Each subject performed a 2-minute resting-state recording. At this stage, I have loaded all raw datasets and I am trying to verify whether the recordings were properly acquired and whether the EEG data are usable.

In a previous post (Automatic EEG quality check & ICA for blink removal in 19-channel dry EEG), I asked about automatic EEG quality checking. After reading the replies, I also searched through many posts on the MNE forum as well as tutorials, examples, and API documentation. However, I am still not fully confident about what would be the most appropriate consistent preprocessing pipeline for my dataset.

My goal is to build a consistent preprocessing pipeline that can be applied to all subjects in the same way.

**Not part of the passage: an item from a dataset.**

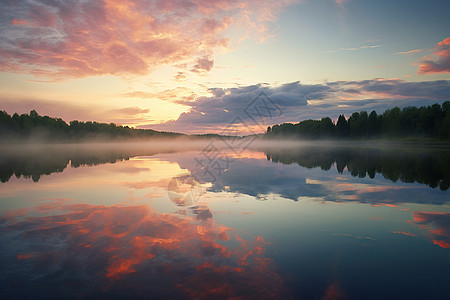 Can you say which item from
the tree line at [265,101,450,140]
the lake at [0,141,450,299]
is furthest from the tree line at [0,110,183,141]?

Currently, I am considering the following three preprocessing pipelines.

Pipeline 1

Load EDF
→ Crop & filtering (0.5-50 Hz band-pass + notch)
→ CAR reference
→ ICA (fit with 1–100 Hz band-pass filtered data)
→ RANSAC (global bad channel detection)
→ interpolate_bads()
→ CAR reference again
→ Epoching
→ AutoReject (local)

Pipeline 2

Load EDF
→ Crop & notch filtering
→ CAR reference
→ Copy data & apply 1 Hz high-pass filtering
→ Epoching
→ AutoReject (local)
→ ICA fit
→ ICA apply
→ AutoReject (local)
→ Final band-pass filtering (0.5-50Hz)

Pipeline 3

Load
→ Notch + band-pass filtering (0.5–50 Hz)
→ Visual inspection to annotate large artifacts
→ Remove bad segments
→ ICA
→ Re-reference (CAR)
→ Fixed-length epoching
→ AutoReject to remove bad epochs

My questions

Q1.
Would the preprocessing in Pipeline 1 be considered too aggressive or overly complicated?

The motivation behind this pipeline is that I am not an EEG expert, so I tried to combine several existing tools (e.g., ICLabel, RANSAC, AutoReject) to create a semi-automatic and consistent preprocessing pipeline that can be applied uniformly across subjects.

Q2.
In Pipeline 3, when visually inspecting band-pass filtered continuous EEG data and marking bad segments:

Would it be better to first split the data into short fixed-length epochs (e.g., 1–2 seconds) and then drop bad epochs, rather than annotating artifacts directly in the continuous data?

Q3.
If AutoReject (local) is applied at the epoch level, would using RANSAC for bad channel detection followed by mne.interpolate_bads() still be meaningful?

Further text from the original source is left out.